I went ahead and bought a camera on Ebay, as soon as it gets here I'm going to try some.. I'll be sure to post them for you all to see. 

Thanks Terri, I'll probably have a bunch of questions when I get going.


----------



## hobbes28 (Mar 11, 2005)

Ahhh!!  It's so good to see a fellow Polaroider.  

Auntie Terri is the master manipulator here...don't let her fool you. 

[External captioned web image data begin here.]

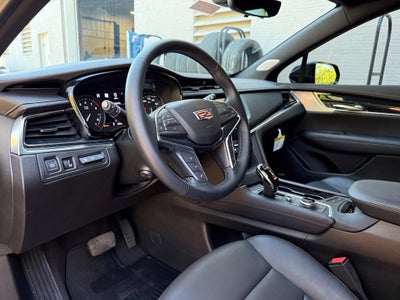2026 Cadillac XT5 Premium Luxury - AWD / SUNROOF / ONE OWNER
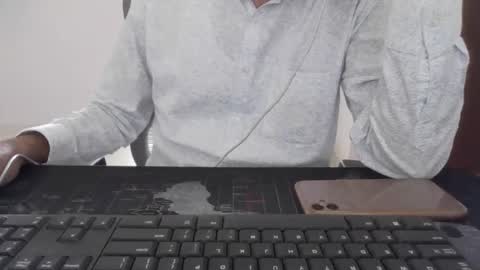 MROSE7080 online show from March 11, 10:11 am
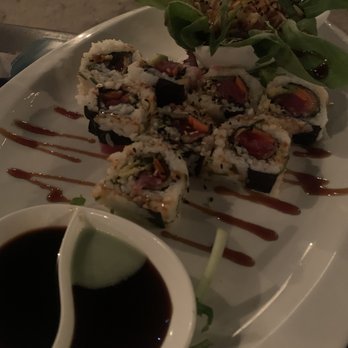 LiT - Diamanté roll - Asian Fusion Near Me - San Juan, Puerto Rico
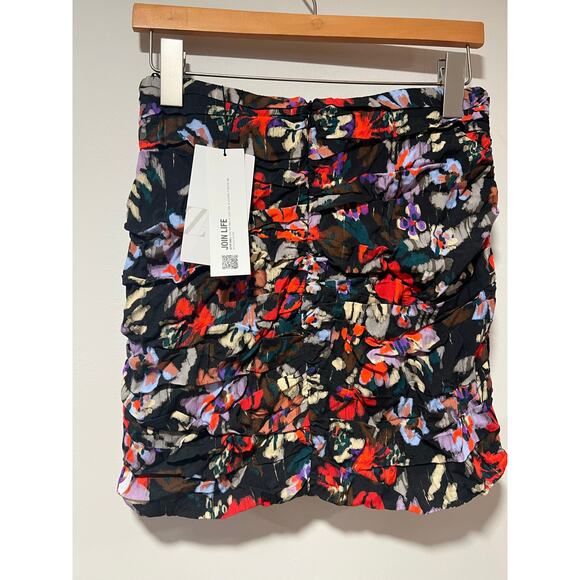 Zara High Waisted Mini Skirt Black & Red Floral Print Ruffles Viscose Sz Medium - Picture 9 of 11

I usually let my polaroids sit for around ten minutes before I start messing around with them.  You have to really get a feel for what moves the emulsion around because there's no really good way to explain what it's like.  I think I wasted seven of the first pack of ten of the Time-zero film I got.  Another method I like to do with the manips is to take the picture then throw it in a zip lock back into the freezer.  I'm not usally in the right frame of mind to manipulate the image right after I take the picture.  When I get around to wanting to mess around with the image, I pull it out of the freezer and break out the hairdryer to heat it up.  You can put a lot more heat on a polaroid than you'd think.  

Anyways, let us see what you get and welcome to the polaroid club. Like Terri, I can try to answer any questions you have when you get started too.


----------



## terri (Mar 12, 2005)

I've never tried the freezer trick.   I have questions.   Do you let the print fully develop before you bag it, and is there a time after which you'd hesitate to freeze it?   After removing it from the freezer, how long do you let it sit at room temp before you take the hair dryer to it, Hobbes?   And how long do you apply the direct heat?   

I've read this is easily done, but never got any specifics.     Thanks!


----------